PROBLEM REQUIREMENTS: Up to and including the line that contains "Home 3583626 Vaso", repeat each line of the data exactly, starting from the first.
-*-*-
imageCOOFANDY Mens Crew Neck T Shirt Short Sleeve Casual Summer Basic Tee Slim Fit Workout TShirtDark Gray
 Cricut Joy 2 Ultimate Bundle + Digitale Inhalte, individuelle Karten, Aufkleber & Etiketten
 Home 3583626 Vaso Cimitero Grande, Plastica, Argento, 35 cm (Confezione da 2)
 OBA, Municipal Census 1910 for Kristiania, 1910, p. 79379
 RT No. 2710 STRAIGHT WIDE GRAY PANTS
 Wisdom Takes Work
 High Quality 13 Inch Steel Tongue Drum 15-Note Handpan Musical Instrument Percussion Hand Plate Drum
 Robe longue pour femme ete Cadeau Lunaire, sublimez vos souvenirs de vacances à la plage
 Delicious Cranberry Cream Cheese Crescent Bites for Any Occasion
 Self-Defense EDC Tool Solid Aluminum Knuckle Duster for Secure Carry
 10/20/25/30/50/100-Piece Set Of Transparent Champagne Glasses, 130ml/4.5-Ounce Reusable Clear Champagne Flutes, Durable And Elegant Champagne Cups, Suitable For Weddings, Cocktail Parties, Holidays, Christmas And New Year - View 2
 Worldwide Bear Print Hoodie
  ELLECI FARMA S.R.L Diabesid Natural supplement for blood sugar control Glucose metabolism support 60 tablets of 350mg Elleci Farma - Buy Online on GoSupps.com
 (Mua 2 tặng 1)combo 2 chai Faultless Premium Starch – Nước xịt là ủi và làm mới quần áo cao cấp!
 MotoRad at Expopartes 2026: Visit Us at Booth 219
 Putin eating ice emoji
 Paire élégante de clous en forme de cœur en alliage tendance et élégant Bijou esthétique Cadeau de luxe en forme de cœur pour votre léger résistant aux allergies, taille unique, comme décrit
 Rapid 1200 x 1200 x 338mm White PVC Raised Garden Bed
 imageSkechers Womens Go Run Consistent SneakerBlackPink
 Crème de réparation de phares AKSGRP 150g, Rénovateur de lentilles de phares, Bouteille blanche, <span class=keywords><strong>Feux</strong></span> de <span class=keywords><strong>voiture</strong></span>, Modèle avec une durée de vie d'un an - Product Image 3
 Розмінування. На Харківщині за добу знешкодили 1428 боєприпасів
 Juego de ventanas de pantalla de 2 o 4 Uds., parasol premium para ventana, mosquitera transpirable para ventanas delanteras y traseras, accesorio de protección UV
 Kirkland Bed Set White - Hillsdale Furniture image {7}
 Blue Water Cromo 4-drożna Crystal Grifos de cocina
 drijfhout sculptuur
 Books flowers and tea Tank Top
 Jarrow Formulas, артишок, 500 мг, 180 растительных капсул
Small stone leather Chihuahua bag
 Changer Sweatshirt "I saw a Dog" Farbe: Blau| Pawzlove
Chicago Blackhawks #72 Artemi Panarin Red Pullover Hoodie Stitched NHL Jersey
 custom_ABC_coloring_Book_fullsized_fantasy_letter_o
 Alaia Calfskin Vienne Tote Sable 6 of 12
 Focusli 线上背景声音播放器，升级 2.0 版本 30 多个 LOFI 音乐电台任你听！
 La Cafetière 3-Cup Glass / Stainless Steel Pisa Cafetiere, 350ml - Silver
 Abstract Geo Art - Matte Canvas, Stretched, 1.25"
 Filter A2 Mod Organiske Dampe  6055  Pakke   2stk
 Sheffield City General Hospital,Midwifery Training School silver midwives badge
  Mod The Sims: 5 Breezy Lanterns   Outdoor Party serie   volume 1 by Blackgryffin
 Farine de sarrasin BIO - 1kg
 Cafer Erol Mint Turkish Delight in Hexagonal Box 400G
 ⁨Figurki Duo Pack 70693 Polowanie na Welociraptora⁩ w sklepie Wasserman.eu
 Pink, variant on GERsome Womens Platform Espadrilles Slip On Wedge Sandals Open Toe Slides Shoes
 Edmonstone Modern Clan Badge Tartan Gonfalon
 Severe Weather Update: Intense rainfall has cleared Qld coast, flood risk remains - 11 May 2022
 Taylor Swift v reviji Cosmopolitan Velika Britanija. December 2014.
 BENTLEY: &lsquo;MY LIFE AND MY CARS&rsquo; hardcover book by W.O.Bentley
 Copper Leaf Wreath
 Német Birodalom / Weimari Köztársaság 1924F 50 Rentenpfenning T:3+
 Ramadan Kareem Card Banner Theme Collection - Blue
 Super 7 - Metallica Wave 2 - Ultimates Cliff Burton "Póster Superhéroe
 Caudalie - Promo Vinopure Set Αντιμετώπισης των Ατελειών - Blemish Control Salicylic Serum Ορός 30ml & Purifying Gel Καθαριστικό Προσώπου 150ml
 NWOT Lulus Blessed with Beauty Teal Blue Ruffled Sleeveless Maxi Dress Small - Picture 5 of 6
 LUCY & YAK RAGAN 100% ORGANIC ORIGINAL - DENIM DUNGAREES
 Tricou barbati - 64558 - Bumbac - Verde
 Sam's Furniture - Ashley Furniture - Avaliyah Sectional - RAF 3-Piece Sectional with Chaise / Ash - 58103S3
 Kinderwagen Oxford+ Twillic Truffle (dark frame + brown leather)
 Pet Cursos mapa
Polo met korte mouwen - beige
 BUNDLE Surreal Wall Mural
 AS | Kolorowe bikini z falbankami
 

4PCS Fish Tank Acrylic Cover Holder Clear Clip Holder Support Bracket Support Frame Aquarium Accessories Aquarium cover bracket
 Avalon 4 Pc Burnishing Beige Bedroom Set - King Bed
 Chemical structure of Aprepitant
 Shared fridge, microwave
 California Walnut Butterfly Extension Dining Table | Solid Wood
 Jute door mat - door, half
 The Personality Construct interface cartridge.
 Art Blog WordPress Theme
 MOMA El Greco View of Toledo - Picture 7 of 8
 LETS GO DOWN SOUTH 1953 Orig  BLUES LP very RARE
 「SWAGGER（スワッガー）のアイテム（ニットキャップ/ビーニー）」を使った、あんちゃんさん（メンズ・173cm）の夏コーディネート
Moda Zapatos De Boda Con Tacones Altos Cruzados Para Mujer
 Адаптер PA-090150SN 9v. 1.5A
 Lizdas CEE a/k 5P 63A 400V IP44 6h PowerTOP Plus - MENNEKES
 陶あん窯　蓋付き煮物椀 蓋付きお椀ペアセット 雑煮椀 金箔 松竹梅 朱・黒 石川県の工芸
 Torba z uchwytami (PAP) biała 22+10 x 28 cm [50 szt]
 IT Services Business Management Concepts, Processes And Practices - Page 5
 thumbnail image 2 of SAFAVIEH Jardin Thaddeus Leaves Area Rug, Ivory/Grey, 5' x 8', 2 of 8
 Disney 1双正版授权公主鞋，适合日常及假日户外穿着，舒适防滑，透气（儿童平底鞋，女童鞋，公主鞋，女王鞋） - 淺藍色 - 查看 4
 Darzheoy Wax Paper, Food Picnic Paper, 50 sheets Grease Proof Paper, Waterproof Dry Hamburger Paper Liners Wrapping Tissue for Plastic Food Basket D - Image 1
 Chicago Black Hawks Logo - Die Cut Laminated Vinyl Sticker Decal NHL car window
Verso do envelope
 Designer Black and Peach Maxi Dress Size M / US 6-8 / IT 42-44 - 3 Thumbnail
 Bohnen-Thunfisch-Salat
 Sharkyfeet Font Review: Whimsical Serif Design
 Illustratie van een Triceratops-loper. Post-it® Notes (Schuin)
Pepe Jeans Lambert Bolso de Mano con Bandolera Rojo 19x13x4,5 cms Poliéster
-*-*-
ANSWER SECTION:
imageCOOFANDY Mens Crew Neck T Shirt Short Sleeve Casual Summer Basic Tee Slim Fit Workout TShirtDark Gray
 Cricut Joy 2 Ultimate Bundle + Digitale Inhalte, individuelle Karten, Aufkleber & Etiketten
 Home 3583626 Vaso Cimitero Grande, Plastica, Argento, 35 cm (Confezione da 2)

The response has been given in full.